CUDA_ERROR_LAUNCH_FAILED when training large networks

Question

0 votes

I have trained networks (trainNetwork()) on my GPU with MATLAB R2018b for over a year without any issues.

Since when I upgraded to MATLAB R2020b, I've only been able to train small networks. The same script that would run flawlessly in R2018b with an arbitrarily large number of units (e.g., n = 2000), in R2020b works up until n = 50, and then crashes for (n > 100).

The reported error is typically:

Warning: An unexpected error occurred during CUDA execution. The CUDA error was:
CUDA_ERROR_LAUNCH_FAILED
        
Error using trainNetwork (line 183)
Unexpected error calling cuDNN: CUDNN_STATUS_EXECUTION_FAILED.
        
Error in RNNprediction (line 170)
net = trainNetwork({traind.x}, {traind.y}, layers, options);

The crash happens between the 2nd and 5th training iteration. When this happens, I have to restart MATLAB in order to be able to do any training at all since reset(gpuDevice) also fails and returns:

Warning: An unexpected error occurred during CUDA execution. The CUDA error was:
CUDA_ERROR_LAUNCH_FAILED 
Error using parallel.gpu.CUDADevice/reset
An unexpected error occurred during CUDA execution. The CUDA error was:
all CUDA-capable devices are busy or unavailable

Training of the same network runs smoothly on CPU (although very slowly).

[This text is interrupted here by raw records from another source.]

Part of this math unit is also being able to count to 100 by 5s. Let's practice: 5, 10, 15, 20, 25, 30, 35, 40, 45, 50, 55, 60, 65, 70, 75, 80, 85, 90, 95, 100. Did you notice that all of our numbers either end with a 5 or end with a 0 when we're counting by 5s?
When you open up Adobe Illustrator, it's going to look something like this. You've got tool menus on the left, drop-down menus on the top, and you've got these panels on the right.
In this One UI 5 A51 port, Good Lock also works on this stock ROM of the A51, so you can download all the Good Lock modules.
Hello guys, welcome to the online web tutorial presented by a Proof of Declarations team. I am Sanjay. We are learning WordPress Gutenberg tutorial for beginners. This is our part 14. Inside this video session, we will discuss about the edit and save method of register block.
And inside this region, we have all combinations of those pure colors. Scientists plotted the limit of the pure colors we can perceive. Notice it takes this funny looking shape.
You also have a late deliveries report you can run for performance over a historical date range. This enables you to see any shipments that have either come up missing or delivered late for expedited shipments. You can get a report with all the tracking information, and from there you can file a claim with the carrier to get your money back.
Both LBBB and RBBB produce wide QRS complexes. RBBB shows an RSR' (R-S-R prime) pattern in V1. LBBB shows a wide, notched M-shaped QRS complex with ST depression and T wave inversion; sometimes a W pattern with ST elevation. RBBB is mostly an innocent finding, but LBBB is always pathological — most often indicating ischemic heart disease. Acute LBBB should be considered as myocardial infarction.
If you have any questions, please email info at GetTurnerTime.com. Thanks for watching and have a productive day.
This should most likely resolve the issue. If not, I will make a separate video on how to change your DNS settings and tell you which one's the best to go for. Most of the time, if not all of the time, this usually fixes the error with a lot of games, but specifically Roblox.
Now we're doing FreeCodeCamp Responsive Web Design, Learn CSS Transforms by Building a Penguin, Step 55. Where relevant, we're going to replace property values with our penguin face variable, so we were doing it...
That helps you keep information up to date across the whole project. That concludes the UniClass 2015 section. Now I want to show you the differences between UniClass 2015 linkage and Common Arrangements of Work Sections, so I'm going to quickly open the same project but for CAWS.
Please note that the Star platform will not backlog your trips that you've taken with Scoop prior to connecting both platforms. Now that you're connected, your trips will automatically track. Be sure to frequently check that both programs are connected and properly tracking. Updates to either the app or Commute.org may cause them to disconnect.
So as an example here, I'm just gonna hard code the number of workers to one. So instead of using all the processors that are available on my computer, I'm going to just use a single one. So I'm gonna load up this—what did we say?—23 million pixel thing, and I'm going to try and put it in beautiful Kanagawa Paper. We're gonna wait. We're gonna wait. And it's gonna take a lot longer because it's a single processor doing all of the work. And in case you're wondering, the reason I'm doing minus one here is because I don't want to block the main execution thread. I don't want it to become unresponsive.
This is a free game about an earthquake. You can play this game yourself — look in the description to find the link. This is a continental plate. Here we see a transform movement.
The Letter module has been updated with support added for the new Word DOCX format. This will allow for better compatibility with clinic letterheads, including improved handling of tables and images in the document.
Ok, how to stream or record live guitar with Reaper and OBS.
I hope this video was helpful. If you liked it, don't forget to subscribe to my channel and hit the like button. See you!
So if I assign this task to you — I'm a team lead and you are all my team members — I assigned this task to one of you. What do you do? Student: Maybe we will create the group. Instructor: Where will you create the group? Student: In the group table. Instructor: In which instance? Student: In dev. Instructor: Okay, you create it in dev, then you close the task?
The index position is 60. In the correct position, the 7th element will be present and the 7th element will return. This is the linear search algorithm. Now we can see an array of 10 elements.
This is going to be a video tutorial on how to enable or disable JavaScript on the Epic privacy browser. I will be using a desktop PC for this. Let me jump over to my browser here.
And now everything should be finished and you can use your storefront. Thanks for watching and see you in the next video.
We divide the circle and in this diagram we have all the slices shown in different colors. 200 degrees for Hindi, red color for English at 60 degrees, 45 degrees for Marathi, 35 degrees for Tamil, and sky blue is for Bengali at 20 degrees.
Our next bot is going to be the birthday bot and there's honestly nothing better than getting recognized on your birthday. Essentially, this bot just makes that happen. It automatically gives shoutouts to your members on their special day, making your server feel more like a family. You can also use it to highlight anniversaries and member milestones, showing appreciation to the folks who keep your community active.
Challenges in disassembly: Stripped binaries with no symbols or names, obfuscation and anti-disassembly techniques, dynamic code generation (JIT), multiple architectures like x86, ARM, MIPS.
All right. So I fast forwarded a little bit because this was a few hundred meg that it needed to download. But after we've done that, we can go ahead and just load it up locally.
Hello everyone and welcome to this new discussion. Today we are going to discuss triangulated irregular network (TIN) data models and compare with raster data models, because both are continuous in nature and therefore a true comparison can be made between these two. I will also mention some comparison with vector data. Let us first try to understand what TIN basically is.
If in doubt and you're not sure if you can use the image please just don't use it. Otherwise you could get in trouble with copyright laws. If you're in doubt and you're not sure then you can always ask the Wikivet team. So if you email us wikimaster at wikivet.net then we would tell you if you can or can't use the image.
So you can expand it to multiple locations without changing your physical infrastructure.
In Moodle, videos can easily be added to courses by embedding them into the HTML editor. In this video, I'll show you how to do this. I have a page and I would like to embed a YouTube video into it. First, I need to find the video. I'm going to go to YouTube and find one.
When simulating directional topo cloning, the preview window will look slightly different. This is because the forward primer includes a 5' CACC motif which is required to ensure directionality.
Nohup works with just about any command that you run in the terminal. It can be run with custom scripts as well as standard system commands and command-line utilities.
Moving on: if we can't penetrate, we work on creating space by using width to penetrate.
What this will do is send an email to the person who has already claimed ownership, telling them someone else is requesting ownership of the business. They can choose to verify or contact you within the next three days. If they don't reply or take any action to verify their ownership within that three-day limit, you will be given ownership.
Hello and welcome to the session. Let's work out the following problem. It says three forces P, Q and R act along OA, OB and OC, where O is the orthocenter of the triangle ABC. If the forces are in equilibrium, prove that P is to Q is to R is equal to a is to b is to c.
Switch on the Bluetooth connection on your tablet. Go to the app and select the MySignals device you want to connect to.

NOTE: I have already increased the WDDM TDR Delaty to 60, but nothing has changed. I have also tried disabling altoghether the TDR with no success.

Here are some CUDA properties:

>> gpuDevice
ans = 
  CUDADevice with properties:
                      Name: 'GeForce RTX 2070'
                     Index: 1
         ComputeCapability: '7.5'
            SupportsDouble: 1
             DriverVersion: 10.2000
            ToolkitVersion: 10.2000
        MaxThreadsPerBlock: 1024
          MaxShmemPerBlock: 49152
        MaxThreadBlockSize: [1024 1024 64]
               MaxGridSize: [2.1475e+09 65535 65535]
                 SIMDWidth: 32
               TotalMemory: 8.5899e+09
       MultiprocessorCount: 36
              ClockRateKHz: 1620000
               ComputeMode: 'Default'
      GPUOverlapsTransfers: 1
    KernelExecutionTimeout: 1
          CanMapHostMemory: 1
           DeviceSupported: 1
            DeviceSelected: 1